"Be like a duck. Remain calm on the surface and paddle like hell underneath." Michael Caine

Network

Li um livro interessante sobre redes há uns 2 meses (Linked, Albert-László Barabási), e achei oportuno falar sobre o assunto aqui no blog depois desse apagão na semana passada.

A imprensa ainda está discutindo os reais motivos do incidente (mau tempo? falta de investimentos?). Eu não vou arriscar qual a razão, mas o que todo mundo já sabe é que o acontecido foi consequência de um efeito em cascata, em que diferentes transmissores foram derrubando um ao outro em sequência, até apagar 18 estados do país.

Por que isso? Porque nossas distribuição de eletricidade é altamente interligada, com hubs “conectores” que ajudam os diversos pontos da rede a se comunicar mas, ao mesmo tempo, acabam configurando em uma fragilidade do sistema. Se um hub é derrubado muitos pontos da cadeia sofrem.

O que é interessante do Linked é que ele fala exatamente sobre isso, mas usando um monte de exemplos diferentes. Inclusive distribuição de energia elétrica, que volta e meia dá cano lá nos Estados Unidos. Além de eletricidade, o livro estuda as características de redes aplicadas a economia, relacionamentos, vírus, células, internet,  cientistas, atores de cinema e por aí vai. E caso a caso o autor vai mostrando que as premissas das redes se repetem, nos fazendo ver o mundo com outros olhos.

Recomento a leitura, mas já digo aqui alguns dos pontos que mais me chamaram atenção no livro:

  • Temos que aproveitar nossos laços “fracos” com hubs

Como as pessoas chegam mais frequentemente a seus novos empregos: através de indicação de amigos próximos ou por meio de “conhecidos”? Apesar de não ser óbvio (pelo menos para mim), pesquisas indicam que a segunda alternativa é a mais forte na busca por novos empregos. Isso porque nossos amigos normalmente circulam pelos mesmos locais que nós, convivendo com as mesmas pessoas de nosso círculo. O conjunto de conhecimento deles (como por exemplo “oportunidades de emprego”) acaba sendo próximo ao nosso. Mas os “conhecidos”, aquelas pessoas com quem falamos de vez em quando mas não são tão íntimas assim, nos abrem um mundo novo de possibilidades, em meios que não circulamos tão frequentemente. Por isso existe uma chance maior desses contatos “fracos”, e não nossos amigos mais próximos, saberem daquela oportunidade de emprego que estamos procurando.

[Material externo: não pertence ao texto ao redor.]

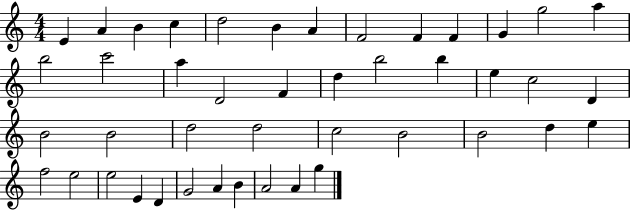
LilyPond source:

{
  \clef treble
  \numericTimeSignature
  \time 4/4
  \key c \major
  e'4 a'4 b'4 c''4 | d''2 b'4 a'4 | f'2 f'4 f'4 | g'4 g''2 a''4 | \break b''2 c'''2 | a''4 d'2 f'4 | d''4 b''2 b''4 | e''4 c''2 d'4 | \break b'2 b'2 | d''2 d''2 | c''2 b'2 | b'2 d''4 e''4 | \break f''2 e''2 | e''2 e'4 d'4 | g'2 a'4 b'4 | a'2 a'4 g''4 | \break \bar "|."
}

Week ties play a crucial role in our abilitiy to communicate with the outside world. Often our close friends can offer us little help in finding a job. They move in the same circles we do and are inevitably exposed to the same information. To get new information, we have to activate our weak ties.”

  • Os hubs são críticos para a sustentação de uma rede

Justamente por conta disso, é importante que existam os hubs: pontos da cadeia com mais conexões que a média. É natural que eles emerjam nas redes  – o buscador com algoritmo mais inteligente, o funcionário mais sociável na empresa, a represa mais propícia para geração de eletricidade, a empresa de processos mais eficientes – e eles permitem que os pontos distantes se comuniquem, mesmo que não estejam diretamente ligados.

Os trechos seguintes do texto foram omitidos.